TASK DIRECTIONS> When you retype the records that follow, keep each word as it is and drop any pictures.

═════ MATERIAL SUPPLIED ═════

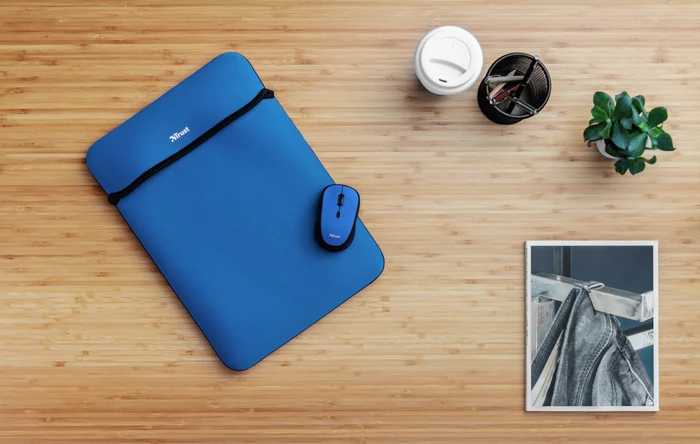 Trust Yvo Wireless Mouse Set mit Wendehülle für 15.6" Laptops, blau, USB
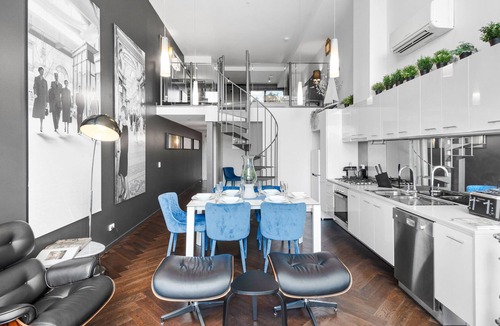 Maribyrnong Apartment | Luxurious 2-Bed Loft with Waterside Views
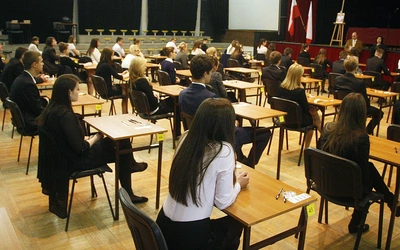 Maturzyści przystępują do egzaminów dojrzałości - możesz ich adoptować duchowo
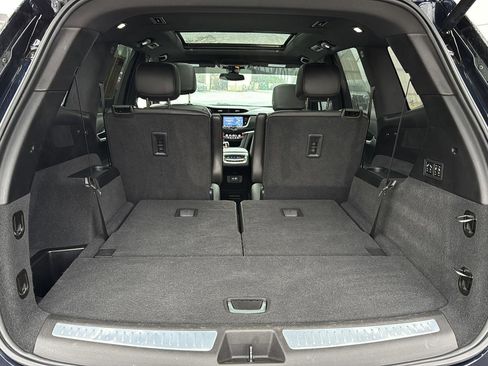 Used 2021 Cadillac XT6 Premium Luxury image 32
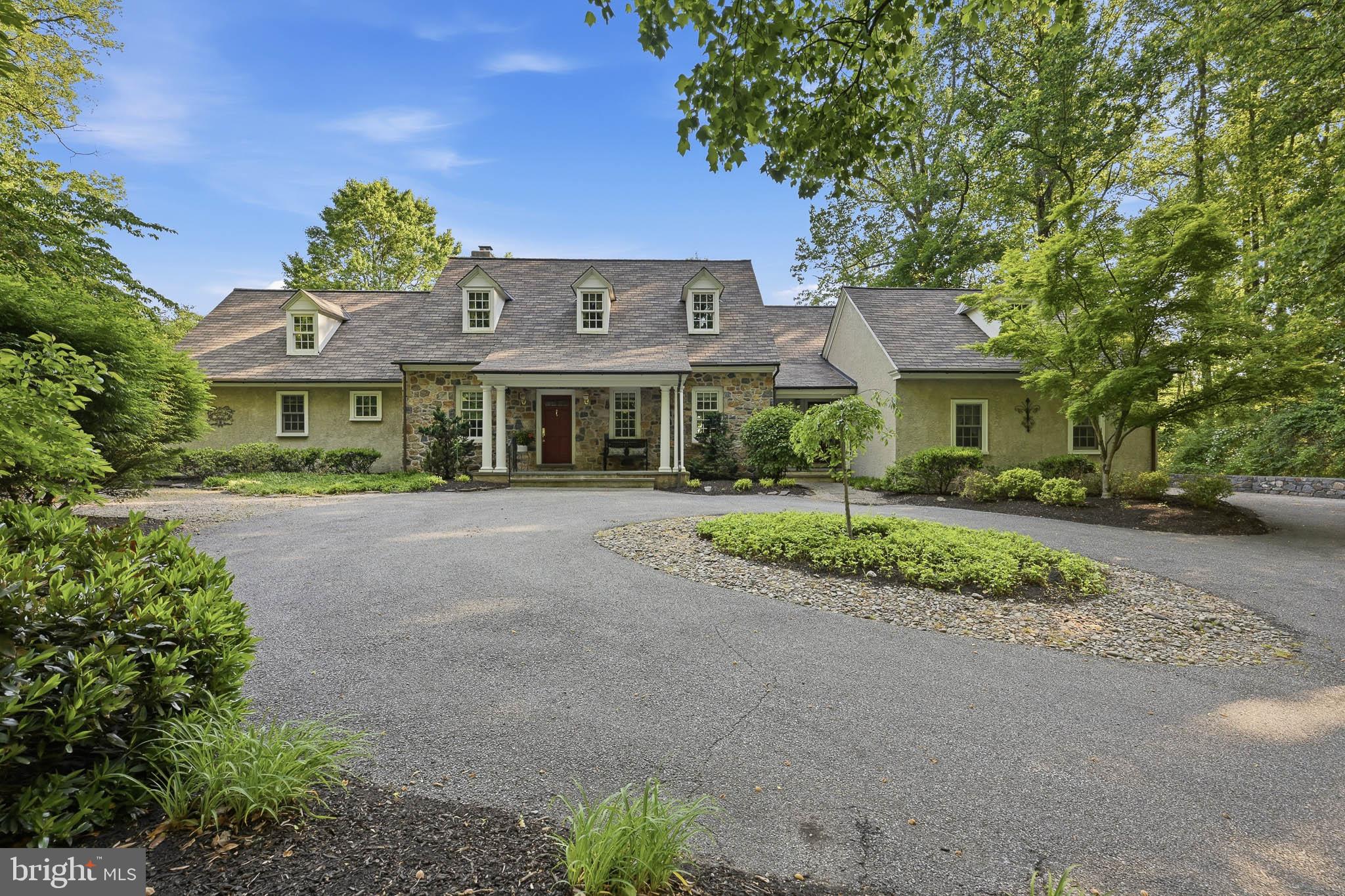 2 ROCKLAND RIDGE ROAD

═════

YOUR RESPONSE>
 Trust Yvo Wireless Mouse Set mit Wendehülle für 15.6" Laptops, blau, USB
 Maribyrnong Apartment | Luxurious 2-Bed Loft with Waterside Views
 Maturzyści przystępują do egzaminów dojrzałości - możesz ich adoptować duchowo
 Used 2021 Cadillac XT6 Premium Luxury image 32
 2 ROCKLAND RIDGE ROAD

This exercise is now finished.